Leslie Lyle Gutches (born February 21, 1973) is an American former wrestler and coach. His accomplishments include becoming a World Champion in freestyle wrestling at the 1997 World Wrestling Championships, the Dan Hodge Trophy as the nation's best college wrestler in 1996, becoming the National Collegiate Athletic Association (NCAA) champion in the 177 lb. weight division in both 1995 and 1996, earning All-American status in 1994, 1995 & 1996, becoming a member of the 1996 United States Olympics freestyle wrestling team and winning numerous other tournaments and honors.

==Youth==
Gutches grew up in a family of wrestlers with his father Les Senior, a retired Fire Captain, being the first Gutches state champion. Les's siblings are Jason, a chiropractor and Chad, a home builder. Les Gutches grew up in Southern Oregon and has the unique distinction of winning national championships in all of the wrestling age groups, including three Oregon state titles while a student at South Medford High School.

==College==
Considered the university's best wrestler in modern history with a 134–10 record, Gutches had a tremendous collegiate wrestling career as a four-year letterman of the Oregon State Beavers wrestling team, culminating in winning the Dan Hodge Trophy as the best college wrestler in the United States in 1996. He placed 5th at the NCAA championships in 1994, and went on to win the title in both 1995 and 1996, with both championship years him going undefeated. This earned him All-American status each of the three years, which is awarded to the top 8 athletes in each weight class every year.

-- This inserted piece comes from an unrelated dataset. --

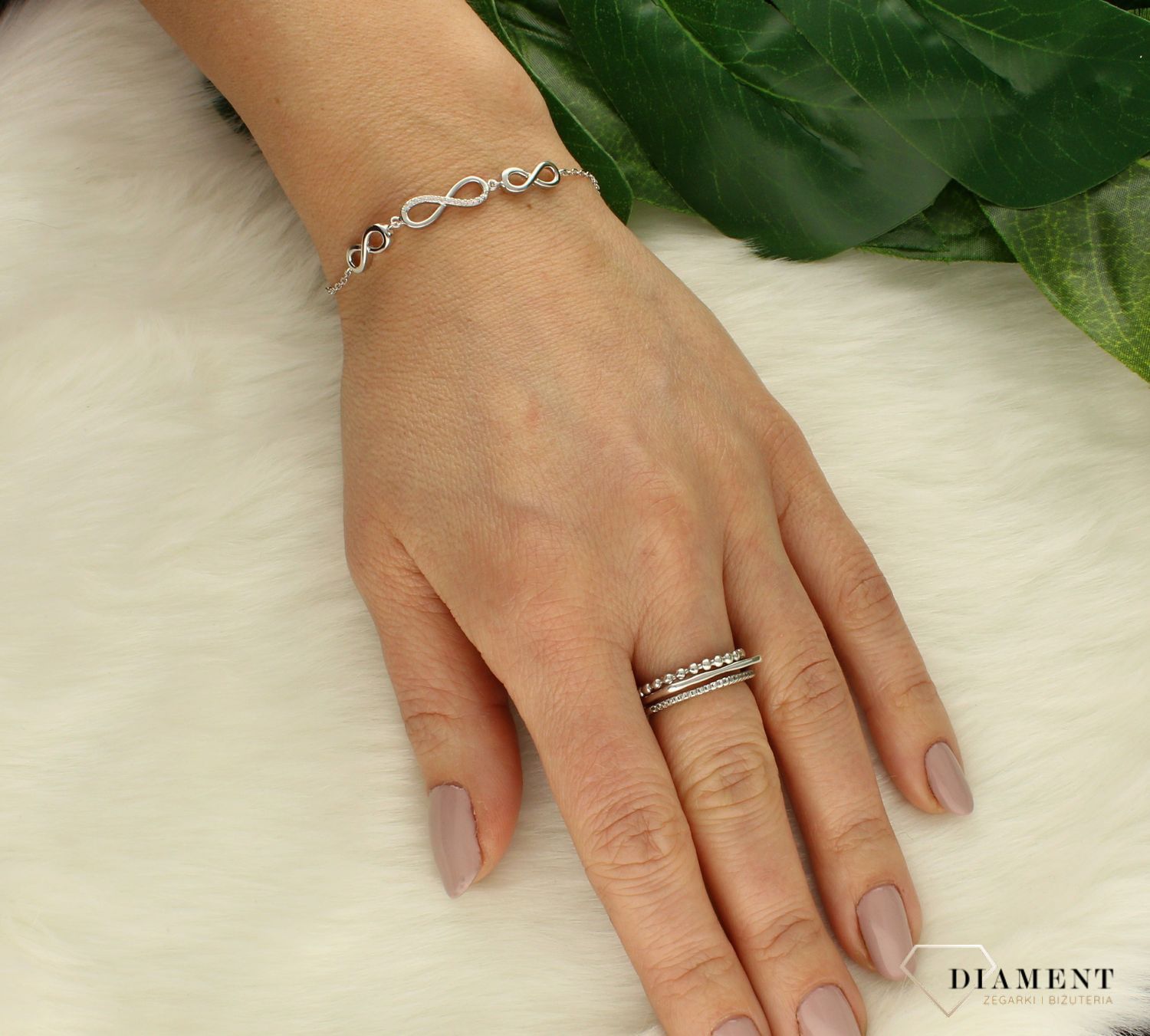Srebrna bransoletka damska celebrytka znak nieskończoności DIA-BRA-9679-925sa.jpg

He graduated from Oregon State University with a Bachelor's degree in Physical Anthropology and a minor in German Language in 1996. Some years later he completed requirements for the bachelor's degree in German Literature, and in 2006 graduated with a Master's degree in Business Administration and was a member of the Beta Gamma Sigma Honor Society. He was also a three-time NCAA First-Team Academic All-American as an undergraduate.

==International==
Gutches achieved his greatest accomplishment in 1997, when he won the gold medal in freestyle Wrestling at the 32nd FILA Wrestling World Championships, against Ukrainian Eldar Assanov in Krasnoyarsk. Gutches again was a World medalist again in 1999, when he won the bronze.

Other gold medal first-place finishes at international competitions were at the 1999 FILA Wrestling World Cup, the 1999 Pan American Games and the 1998 Goodwill Games.

Gutches was also a member of the U.S. freestyle wrestling 1996 Olympic team.

==Coaching==
Gutches was a full-time assistant coach at Oregon State from 1996 to 1999, a volunteer coach in 2001, and again a full-time assistant coach in 2002–2006, coaching five wrestlers to All-American honors.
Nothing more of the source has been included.